Yes, you are semi-correct.

The Cardinal Camerlengo is the official administrator of the Roman Church during the period of sedevacancy. It is he who is also responsible for much of the official ceremonial. He is the public face of the diocese of Rome until the new pope is announced and the one under whose name such coins and stamps can be issued.

However, he is not automaticaaly the head of the General Congregation of the Cardinals. He is outranked by the Cardinal Dean and SubDean, unless he happens to hold this position, also. If, however, both Dean and Subdean are beyond the voting age of 80, then the college elects from it’s members one to serve as President of the General Council.

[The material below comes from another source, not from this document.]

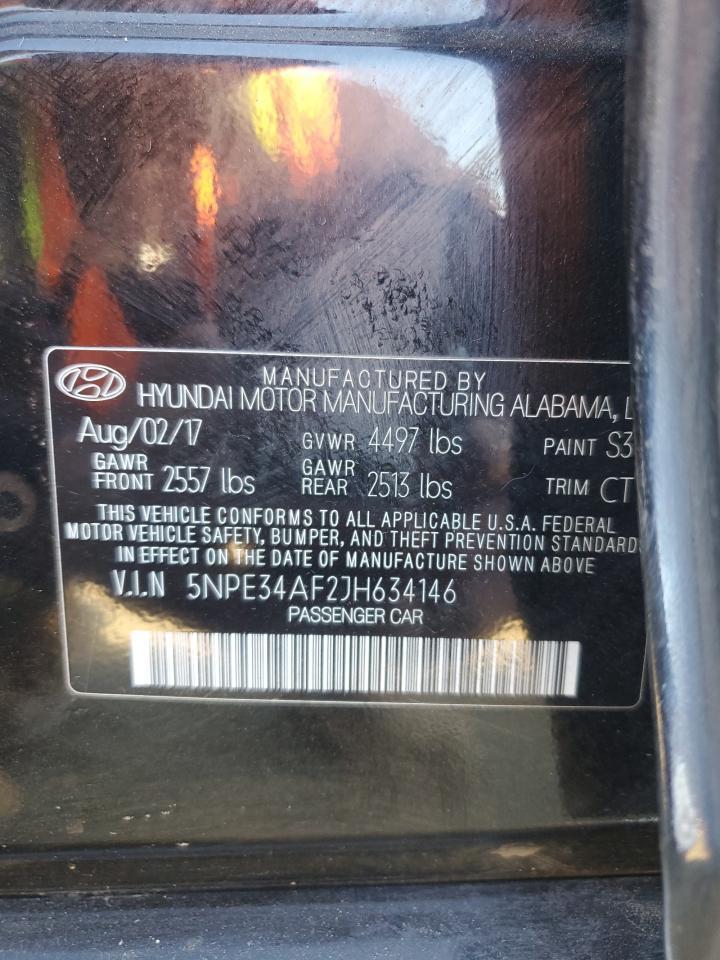 2018 HYUNDAI SONATA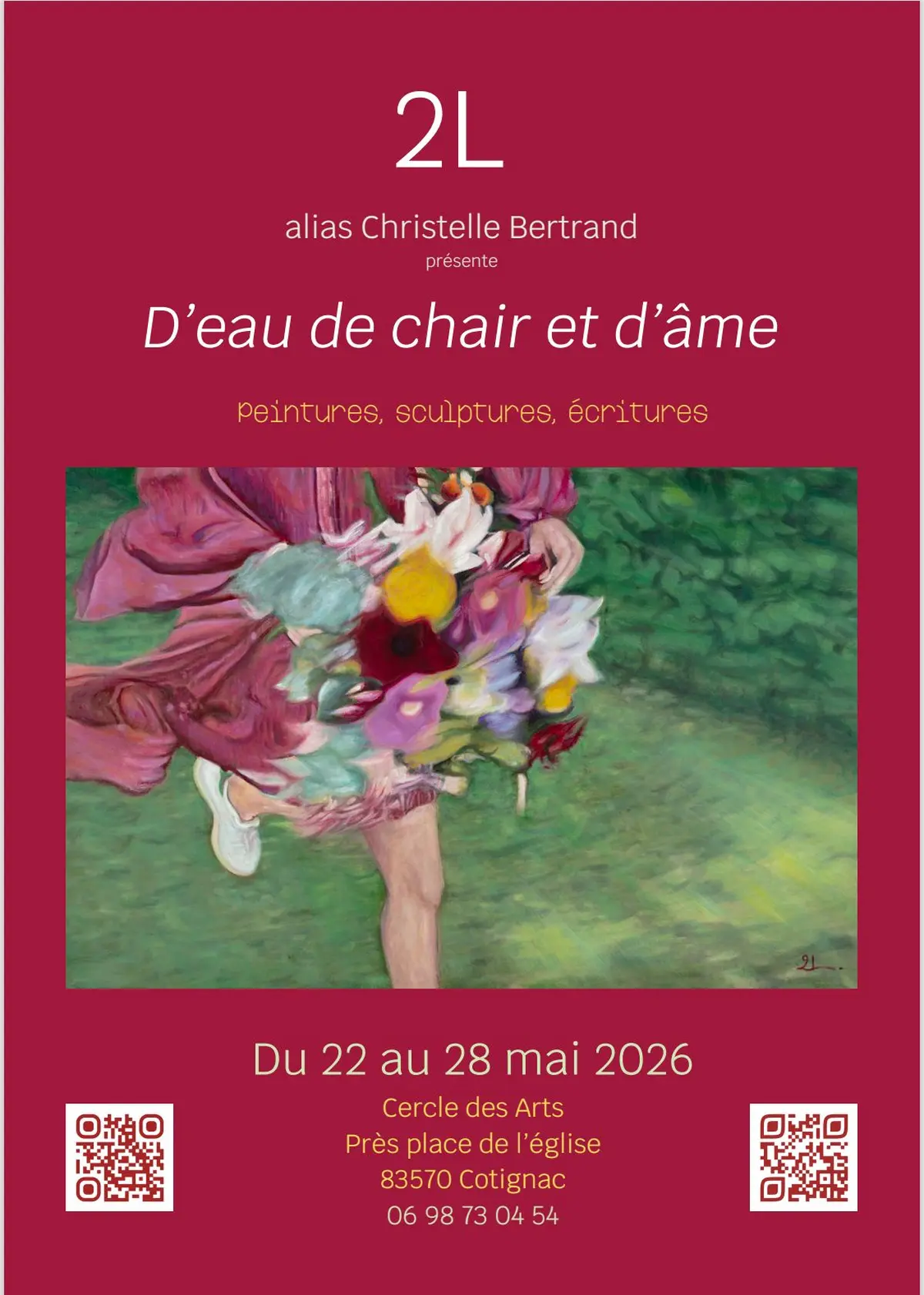 D’eau de chair et d’âme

How long does it take sedevacanists to determine that sedevacancy continues to be a fact after the election of a new pope?

What does he have to do for them to pronounce that he is not a real pope?

These questions were just rhetorical–but they do show the ridiculousness and falsity of people who will not submit to the Bishop of Rome.

In short, the Cardinal-Dean runs the election (if able and/or under 80) of the new pope, whilst the Camerlengo runs the day to day of the Vatican.